• [Extracted data]:
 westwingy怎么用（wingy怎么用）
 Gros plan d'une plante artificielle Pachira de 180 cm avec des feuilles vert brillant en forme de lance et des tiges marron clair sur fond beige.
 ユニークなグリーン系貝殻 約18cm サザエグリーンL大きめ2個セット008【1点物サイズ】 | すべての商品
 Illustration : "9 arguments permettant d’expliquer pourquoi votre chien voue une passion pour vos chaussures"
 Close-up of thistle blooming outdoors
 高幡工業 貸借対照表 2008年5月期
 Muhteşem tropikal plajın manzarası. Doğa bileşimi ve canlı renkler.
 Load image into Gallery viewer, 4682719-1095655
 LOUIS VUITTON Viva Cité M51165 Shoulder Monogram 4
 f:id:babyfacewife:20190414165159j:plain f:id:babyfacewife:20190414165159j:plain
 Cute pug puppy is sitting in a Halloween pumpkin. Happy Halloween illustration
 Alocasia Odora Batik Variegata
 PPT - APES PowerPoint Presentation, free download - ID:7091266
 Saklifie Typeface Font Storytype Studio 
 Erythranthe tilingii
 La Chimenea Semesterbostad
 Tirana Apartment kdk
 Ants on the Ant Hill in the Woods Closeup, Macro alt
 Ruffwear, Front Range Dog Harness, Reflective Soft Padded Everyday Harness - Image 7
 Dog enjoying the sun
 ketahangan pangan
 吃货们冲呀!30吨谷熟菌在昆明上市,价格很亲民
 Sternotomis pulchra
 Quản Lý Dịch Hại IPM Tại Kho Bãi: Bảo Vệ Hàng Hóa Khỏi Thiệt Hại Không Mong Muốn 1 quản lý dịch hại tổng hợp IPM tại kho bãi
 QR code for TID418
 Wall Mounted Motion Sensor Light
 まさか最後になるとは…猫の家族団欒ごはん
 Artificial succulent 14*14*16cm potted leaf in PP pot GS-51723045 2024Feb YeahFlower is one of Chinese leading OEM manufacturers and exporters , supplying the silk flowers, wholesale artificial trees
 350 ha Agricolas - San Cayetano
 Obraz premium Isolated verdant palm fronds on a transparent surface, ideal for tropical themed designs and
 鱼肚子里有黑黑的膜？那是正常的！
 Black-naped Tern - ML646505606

• [Your goal]: Begin with the line that has "Close-up of thistle blooming outdoors" in the listing above and end after the line that has "PPT - APES PowerPoint"; output those lines exactly.

• [Result below]:
 Close-up of thistle blooming outdoors
 高幡工業 貸借対照表 2008年5月期
 Muhteşem tropikal plajın manzarası. Doğa bileşimi ve canlı renkler.
 Load image into Gallery viewer, 4682719-1095655
 LOUIS VUITTON Viva Cité M51165 Shoulder Monogram 4
 f:id:babyfacewife:20190414165159j:plain f:id:babyfacewife:20190414165159j:plain
 Cute pug puppy is sitting in a Halloween pumpkin. Happy Halloween illustration
 Alocasia Odora Batik Variegata
 PPT - APES PowerPoint Presentation, free download - ID:7091266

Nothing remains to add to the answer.